Big Discs are Bad September 27, 2009
Posted by mwidlake in development, performance, Uncategorized.Tags: performance, Storage, system development, VLDB
8 comments
I recently came across this article on large discs for database by Paul Vallee. The article is over 3 years old but is still incredibly valid. It’s a very good description of why big discs are a problem for Oracle Database Performance. {Paul also introduces the BAHD-DB campaign – Battle Against Huge Disks for Databases, which I quite like}.
To summarise the article, and the problem in general, IT managers will buy big discs as they provide more GB per pound sterling. It saves money.
However, less discs is Bad For Performance. As an extreme example, you can now buy a single disc that is a TB in size, so you could put a 1TB Oracle database on one such disc. This one disc can only transfer so much data per second and it takes this one disc say 10ms to search for any piece of data. If you want the index entry from one place and the table row from another, that is at least two seeks. This will not be a fast database {and I am not even touching on the consideration of disc resilience}.
Now spread the data over 10 discs. In theory these 10 discs can transfer 10 times the total data volume and one disc can be looking for information while the others are satisfying IO requests {This is a gross over-simplification, but it is the general idea}.
IT Managers will understand this 1-to-10 argument when you go through it.
Kind of.
But then discussions about how many modern “fast” discs are need to replace the old “slow” discs ensure. It can be very, very hard to get the message through that modern discs are not much faster. A 1TB disc compared to a 4-year-old 100GB disc will not have a transfer speed 10 times faster and it will certainly not have a seek time ten times less, chances are the seek time is the same. And then there are the discussion of how much impact the larger memory caches of modern storage units have. Answer,(a) quite a lot so long as it is caching what you want and (b) even if it is perfectly caching what you want, as soon as you have read a cache-sized set of data, you are back to disc IO speed.
Bottom line. Disc Drives are now slower in proportion to the disc acerage than they used to be.
Anyway, I am certainly not the only person to have had these discussions, though I have had them for longer than most {due to my accidental work history of having worked on VLDBs for so long}. There are certainly practitioners of Oracle Arts who understand all of this far better than I and one of them, James Morle, recently started blogging. It’s looking good so far. If he keeps it up for a month, I’ll put him on my blog roll 🙂
There is, however, one aspect of the Big Disc Performance issue that does not seem to get much mention but is something I have suffered from more than a couple of times.
As a Database Performance person you have had the argument about needing spindles not disc acreage and won. The IT manager buys enough spindles to provide the I/O performance your system needs. Success.
However, the success has left a situation behind. You need 10 spindles over a couple of RAID 10 arrays to give you the IO you need. 250GB discs were the smallest you could buy. So you have 1.25TB of available storage (RAID 10 halves the storage) and have a 500GB database sitting on it. There is 750GB of empty storage there…

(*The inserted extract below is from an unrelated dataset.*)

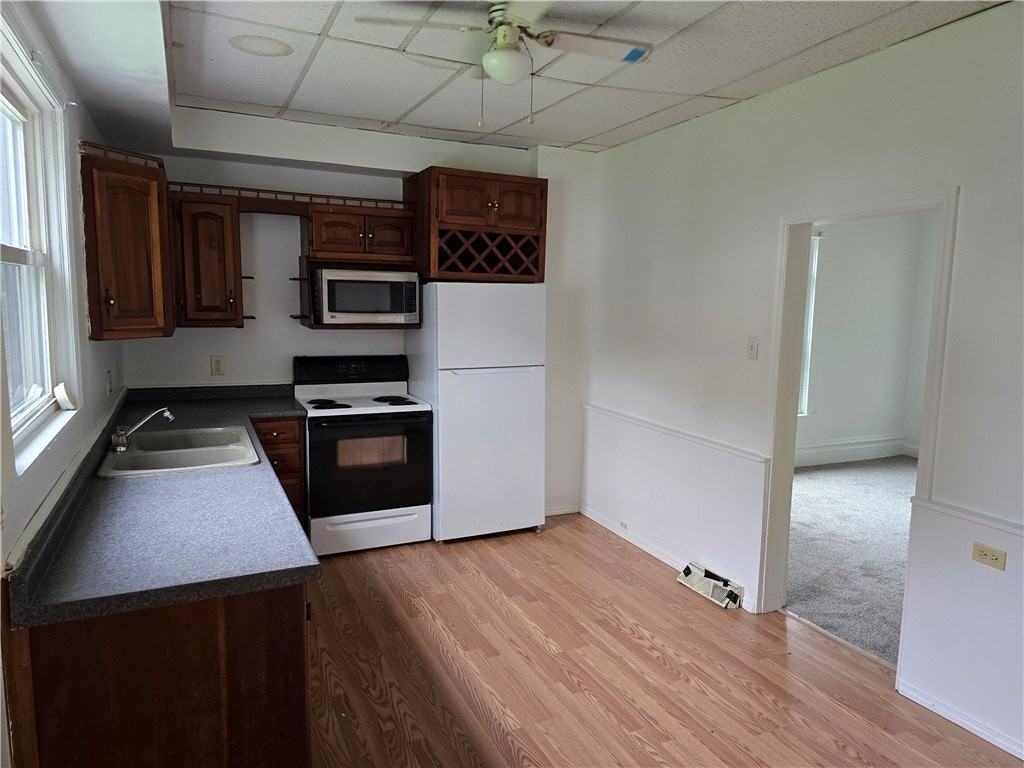 318 Fairview Ave - Photo 3 of 14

That 750GB of empty storage will not be left inviolate. Someone will use it. Someone will need “a bit of temporary storage” and that nice chunk of fast storage will be too inviting. Especially if it IS fast storage. It will be used.
Now your database, who’s storage you specified to support said database, is sharing it’s storage with another app. An app that steals some of your IO and potentially {heck, let’s say this straight WILL} impact your database performance. And the galling thing? Twice, I had no idea my storage had become shared until I started getting odd IO latency issues on the database.
You may be able to make a logical argument for the spindles you need at design time. But you have almost no chance of protecting those spindles in the future. But who said working life was easy? 🙂